Directions:
Quote the lines below from the one containing "Planet Playground on" to the final line, both ends included; exclude the pictures.

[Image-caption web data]
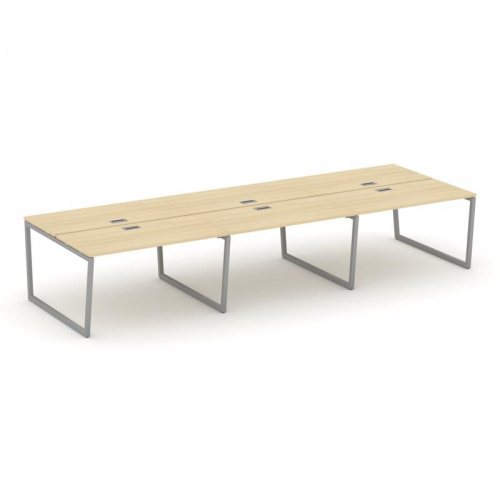 Style Project Рабочая станция 2-х сторон. SN-4T2.DRS-084 Акация Лорка/Металл Антрацит/Заглушка Пласт фото 20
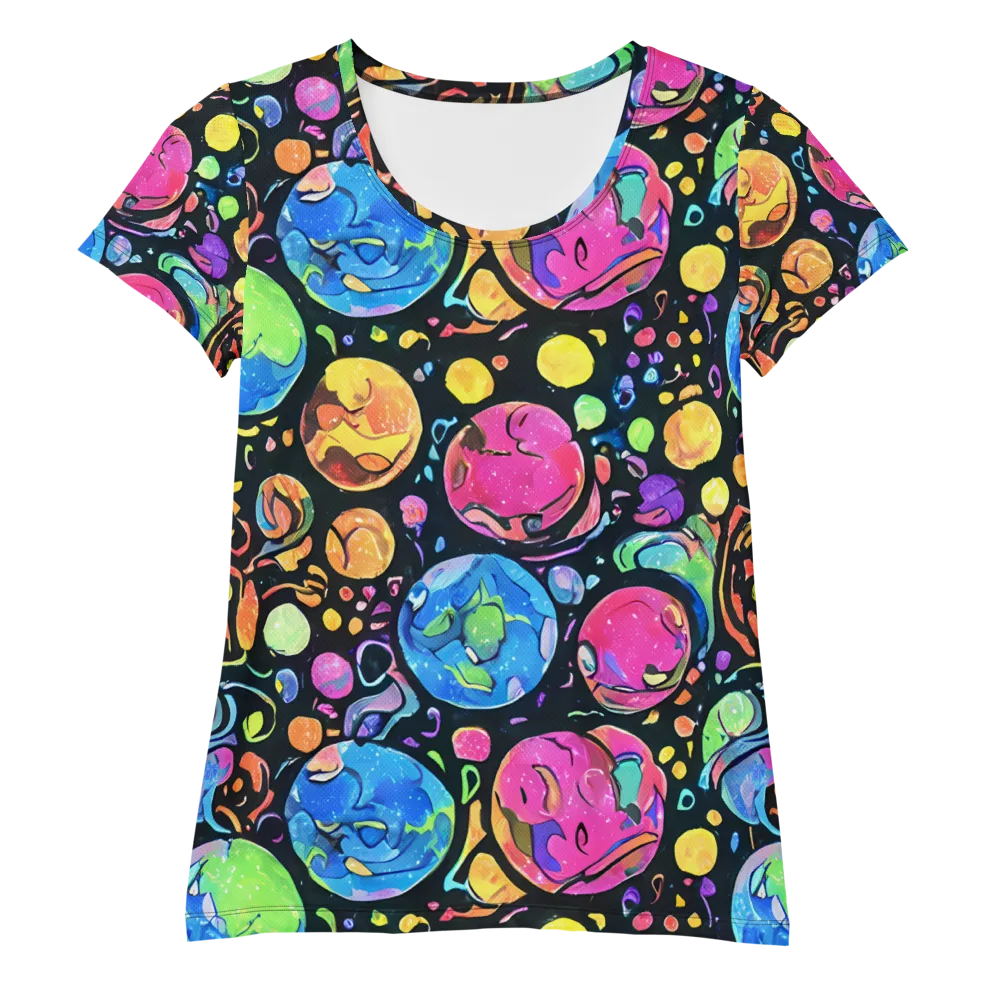 Planet Playground on Women's Athletic T-Shirt — Front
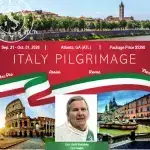 Join Deacon Keith Kolodziej on a 11 Day Pilgrimage to Italy from Atlanta, GA (ATL) September 21 – October 01, 2026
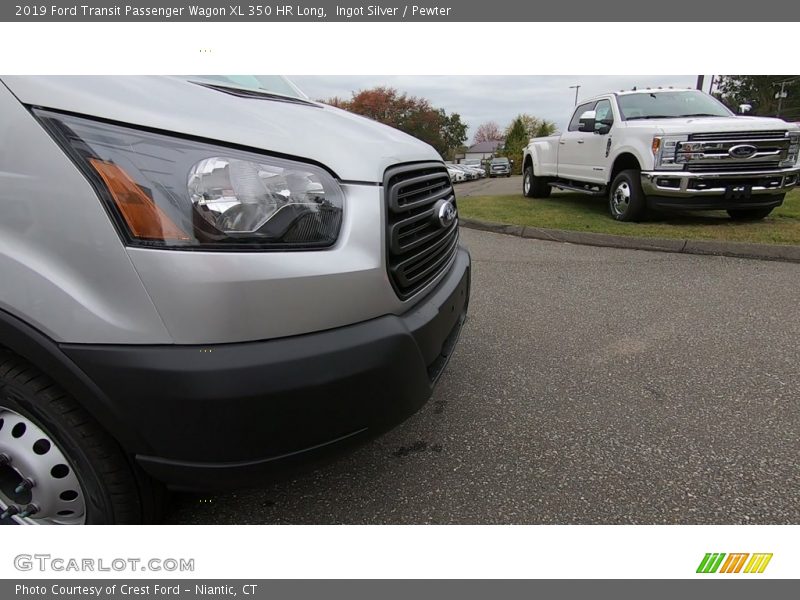 Ingot Silver / Pewter 2019 Ford Transit Passenger Wagon XL 350 HR Long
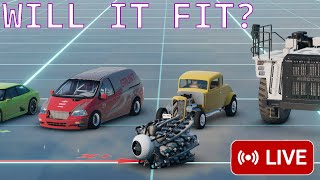 [LIVE] Putting my Giant Plane Engine into Cars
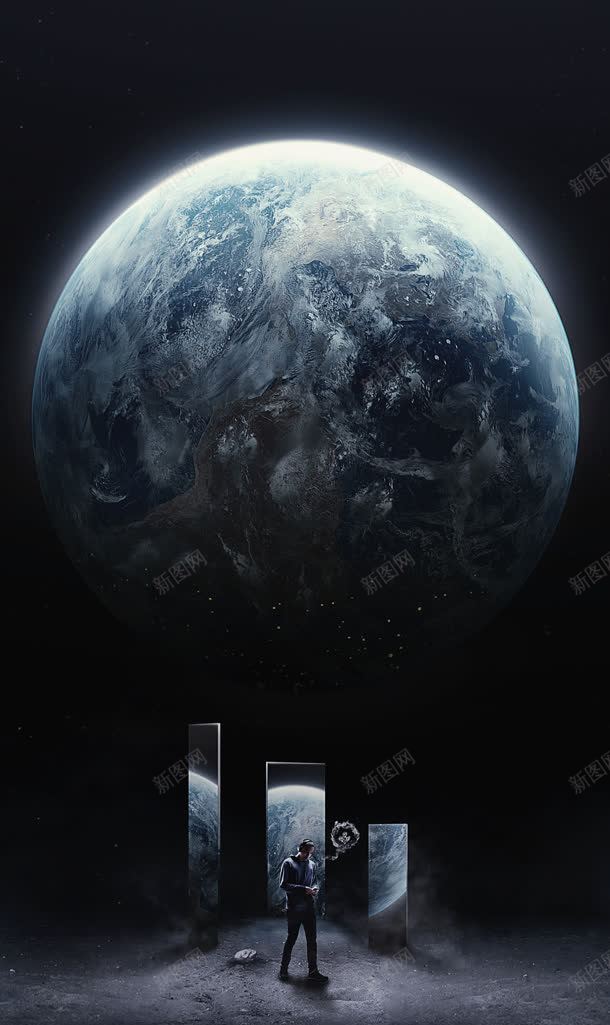 发光的地球星空海报jpg设计背景_新图网 https://ixintu.com 发光 地球 星空 海报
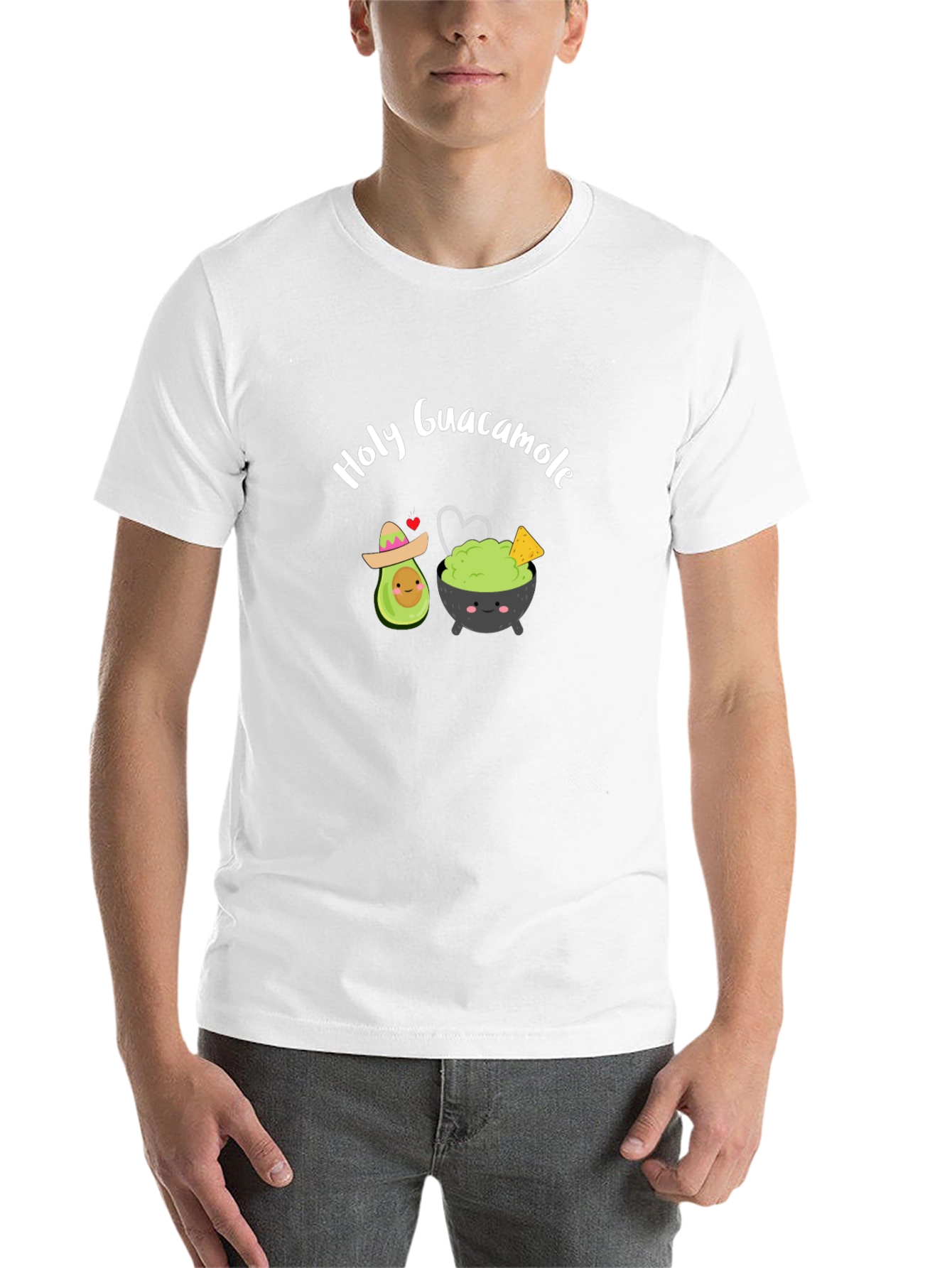 Black Holy Guacamole T-Shirt, Cute Avocado Tee view 14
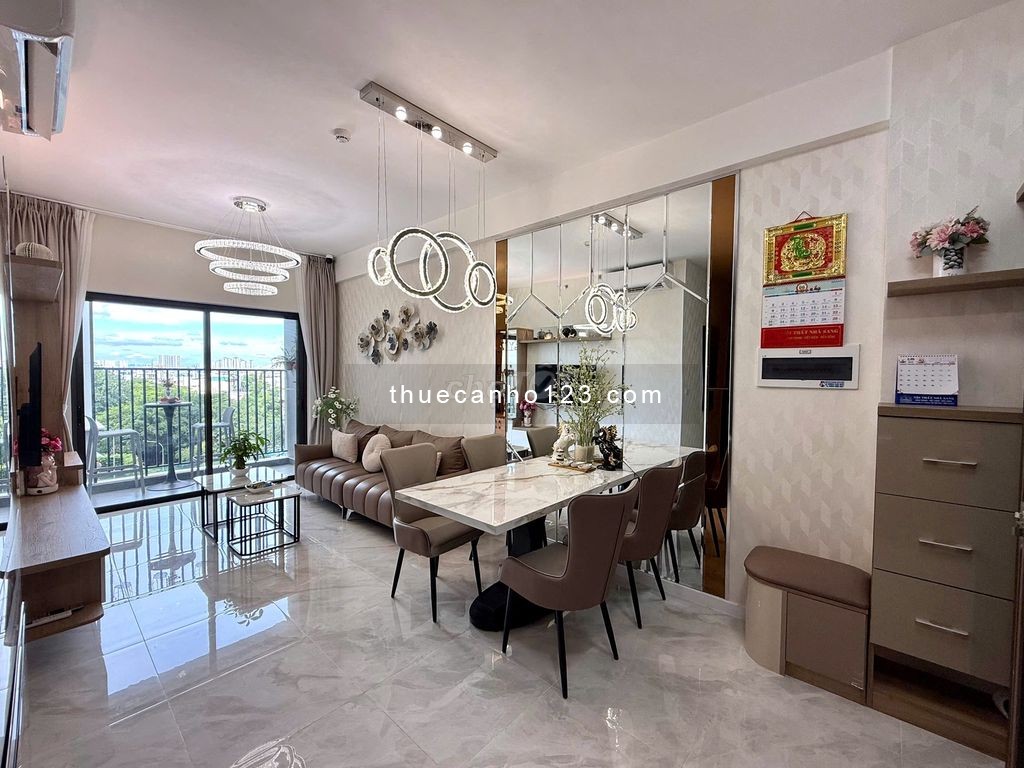 CHÍNH CHỦ cho thuê Full Nội Thất Cao Cấp – Căn hộ Privia mới 100% – TRỰC DIỆN HỒ BƠI 2PN 2WC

Answer to the exercise:
 Planet Playground on Women's Athletic T-Shirt — Front
 Join Deacon Keith Kolodziej on a 11 Day Pilgrimage to Italy from Atlanta, GA (ATL) September 21 – October 01, 2026
 Ingot Silver / Pewter 2019 Ford Transit Passenger Wagon XL 350 HR Long
 [LIVE] Putting my Giant Plane Engine into Cars
 发光的地球星空海报jpg设计背景_新图网 https://ixintu.com 发光 地球 星空 海报
 Black Holy Guacamole T-Shirt, Cute Avocado Tee view 14
 CHÍNH CHỦ cho thuê Full Nội Thất Cao Cấp – Căn hộ Privia mới 100% – TRỰC DIỆN HỒ BƠI 2PN 2WC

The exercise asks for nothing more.